Son marca de la casa, en efecto, sus macabras amputaciones de cuerpos. Por si hiciera falta la aclaración, Topor se refería así a este particular:
“Frecuentemente he cortado diversas partes de cuerpos, pero sólo en el dibujo, nunca en la vida real. Entonces manaban ríos de tinta y no de sangre”.
Su particular visión del clásico infantil Pinocho, de Carlo Collodi nos da algunas pistas sobre el filtro freudiano a través del cual percibía e interpretaba el mundo:
“Yo estoy loco por esta marioneta. Es el único personaje literario moderno, actual, verdadero, con sus curiosidades y sus vilezas. Y esa nariz, ¿no os parece un pene, el símbolo de la crisis del macho? Miradlo, este Pinocho, con su aire vencido y sumiso y esa narizota flácida, en pose de rendida admiración delante de su hada”.
Para haber muerto demasiado pronto, como se lamentaba Arrabal, Topor nos ha dejado una ingente muestra de su talento. Nosotros rescatamos especialmente sus dibujos, no sólo por el contexto del presente artículo, sino porque el mismo autor nos corrobora la certeza de que lo fundamental de su discurso fluía desde sus lápices y plumillas:
“Dibujar es mi práctica más íntima. Se establece entre yo y yo, y es la manera que tengo de hacer salir lo que hay en lo más profundo de mí, sin tener que darle formas codificadas por los otros. En cambio cuando escribo tengo que acudir a los códigos de los demás, que deben participar en mi escritura. Escribo para los demás, dibujo para mí. Y de ahí salen tantas cosas… Por eso lamento tanto que la gente deje de dibujar tan pronto. El dibujo es muy importante porque no se puede calificar, no se puede encasillar, es difícil decidir si está bien o mal. No hay bien y mal en el dibujo. Sólo el propio dibujante puede decir, acaso, si consiguió lo que pensaba. Creo que la gente no está familiarizada con el dibujo, y piensa que hacerlo bien es hacerlo como los otros. Y en cambio los que dibujan bien son, precisamente, los que se inventan su propio lenguaje. Me gustaría decir a todo el mundo que es posible hacer lo que uno quiera, si quiere».

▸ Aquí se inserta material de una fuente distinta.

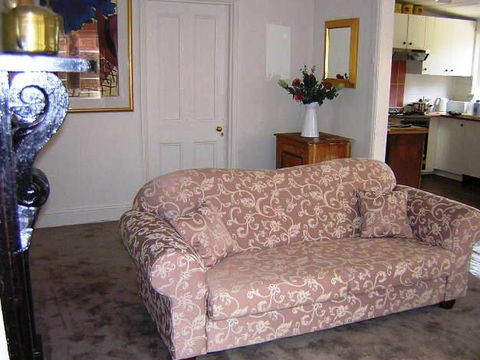 Cooma Cottage - Accommodation - Local Tourism 3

Por último y si alguien se anima, les dejamos con una de las recetas de La cocina caníbal, una obra extraña y oscura, pero auténticamente deliciosa:
“Coja a un inocente, desnúdelo, pisotéelo, dele patadas, mátelo, córtelo en trozos de un mismo grosor y métalo en la olla con un gran trozo de mantequilla, sal, pimienta, especias, chalotes y perejil picado. Déjelo freír un tiempo, añada un trago de vino blanco y un poco de caldo. Cuando el inocente empiece a hervir, retírelo del fuego y sírvalo sobre un mantel bien apurado. Cómalo discretamente mientras habla de otra persona”.